I'm interested in the behavior of Dirac deltafunctions within multivariate integrals. Here is a simple example to which I do not know the answer:
$$\iint\limits_{[0,1]\times [0,1]} \delta\left(x - y\right)\, dA$$
This integrates the constant function $1$ over the line $y=x$. Is there a prefactor involed though due to the delta? I can imagine this evaluating either to $1$ or to $\sqrt2$.
The information from the relevant Wikipedia page suggests the value $\sqrt2$ while WolframAlpha suggests the value $1$.
How is the behavior of a Dirac deltafunction within a multivariate integral defined? My goal is to create an algorithm to solve a broad class of these problems in general.

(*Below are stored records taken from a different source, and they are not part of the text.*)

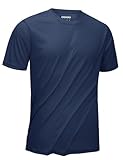 KEFITEVD Rashguard Herren Kurzarm UV Schutzkleidung Dünn Leicht Polyester Sport Outdoor Top Männer Sommer T-Shirt Dunkelblau L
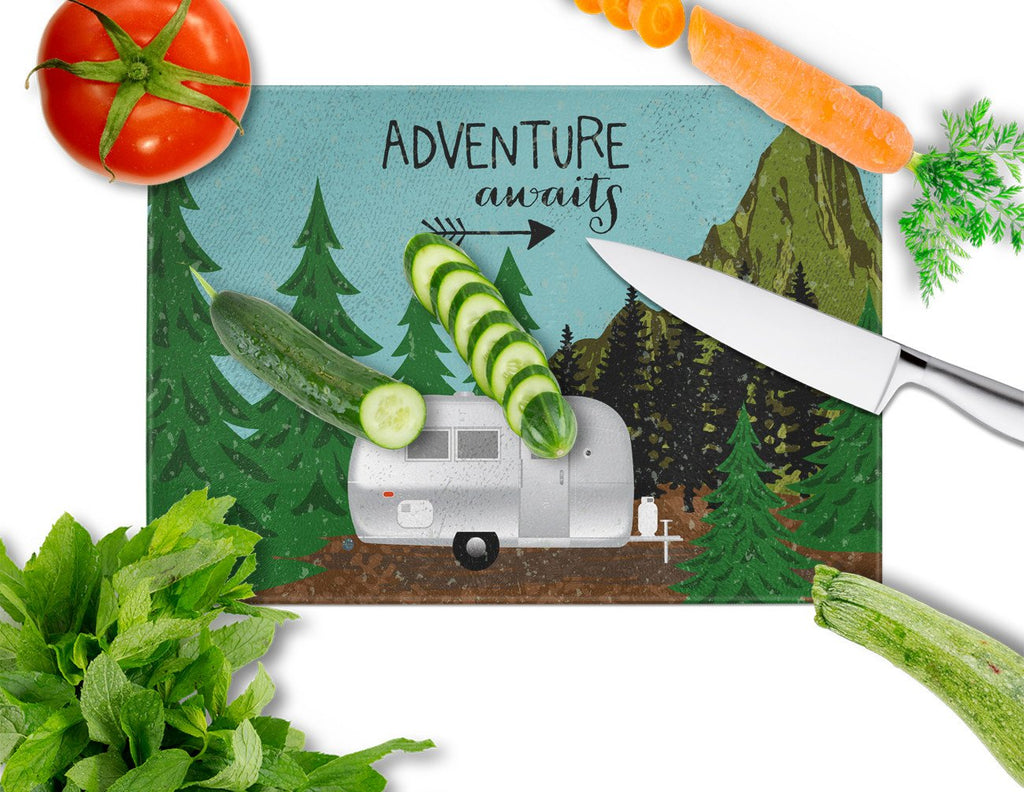 Airstream Camper Adventure Awaits Cutting Board Tempered Glass Kitchen Cutting Surface, Heat Resistant Chopping, Non-Slip Feet, Food Prep & Serving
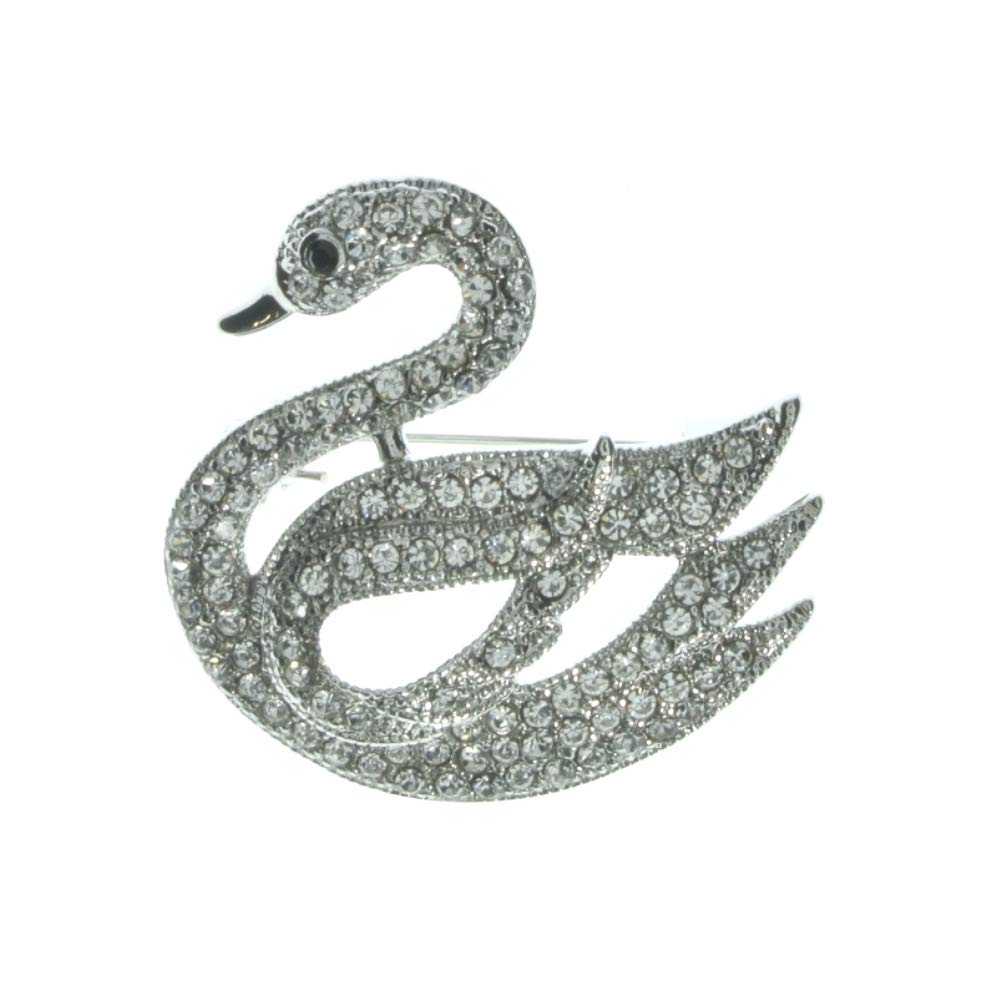 Swan Brooch Silver Pin Women’s Fashion Jewellery Love Bridal Wedding Pin Diamante Jewellery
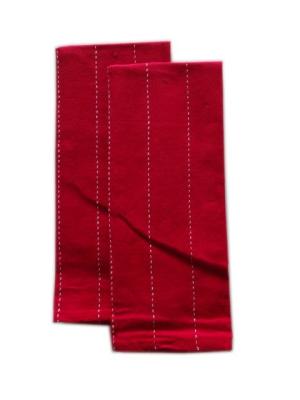 China Kitchen Towel Dish Towel Red with White Strip 16x28inch for sale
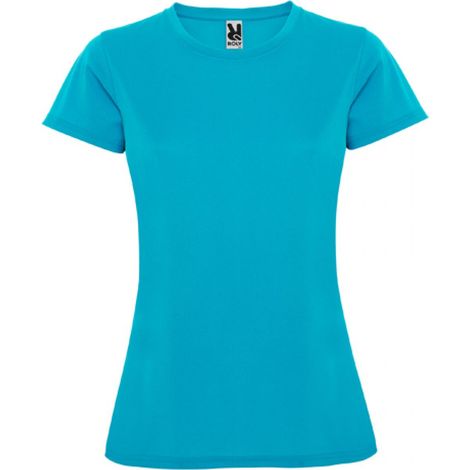 Camiseta técnica entallada manga corta de escote redondo con cubrecosturas MONTECARLO WOMAN ROLY XXL Turquesa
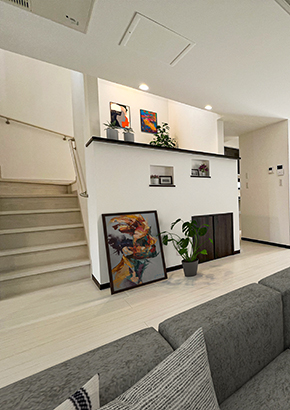 スキップフロアでつながるスタイリッシュハウス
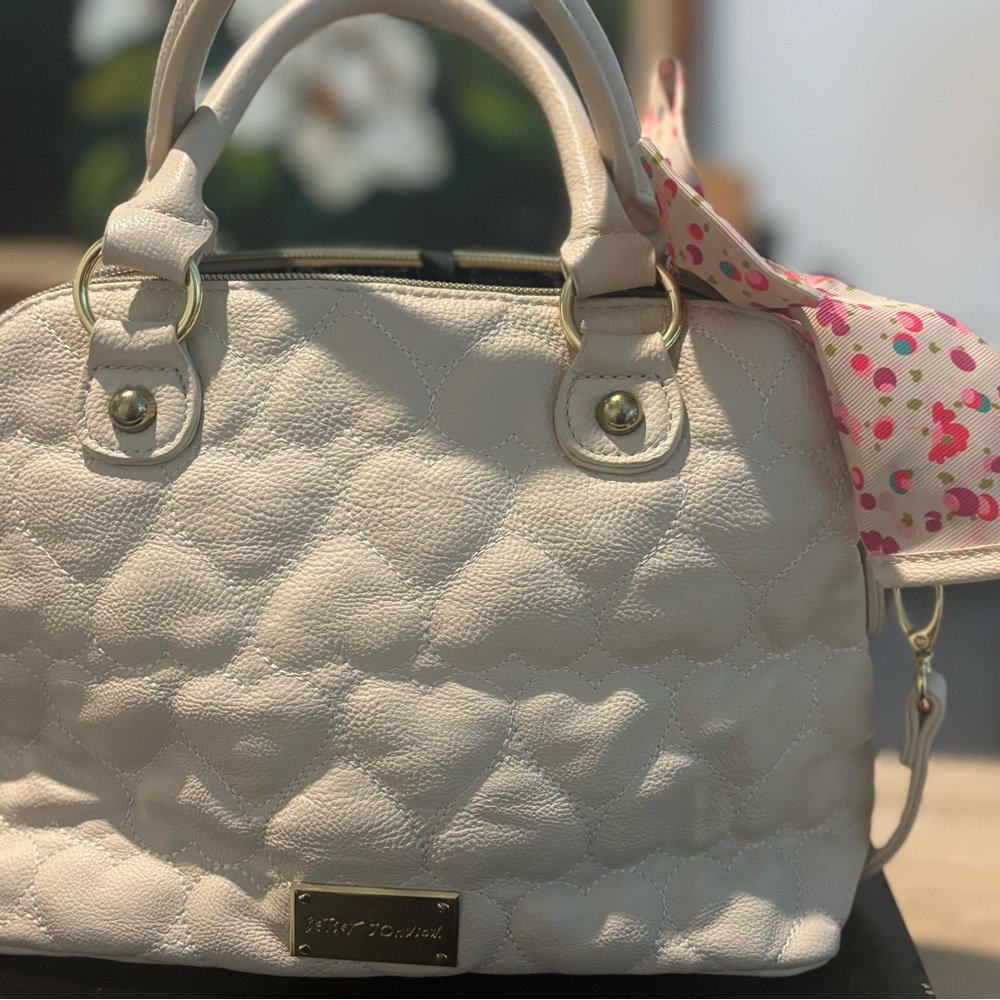 Betsey Johnson Cream Quilted Satchel with Metallic Accents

In this case, where the coordinates appear linearly in the argument of the delta function, no special treatment is required; you can just evaluate the inner integral as you'd normally evaluate an integral over a delta function, and then evaluate the outer integral:
$$\int_{0}^{1}\int_{0}^{1} \delta\left(x - y\right)\, \mathrm dx\, \mathrm dy=\int_0^11\,\mathrm dy=1\;.$$
In case you got the value $\sqrt2$ from the length of the diagonal, you didn't take into account the factor $1/|\nabla g|=1/\sqrt2$.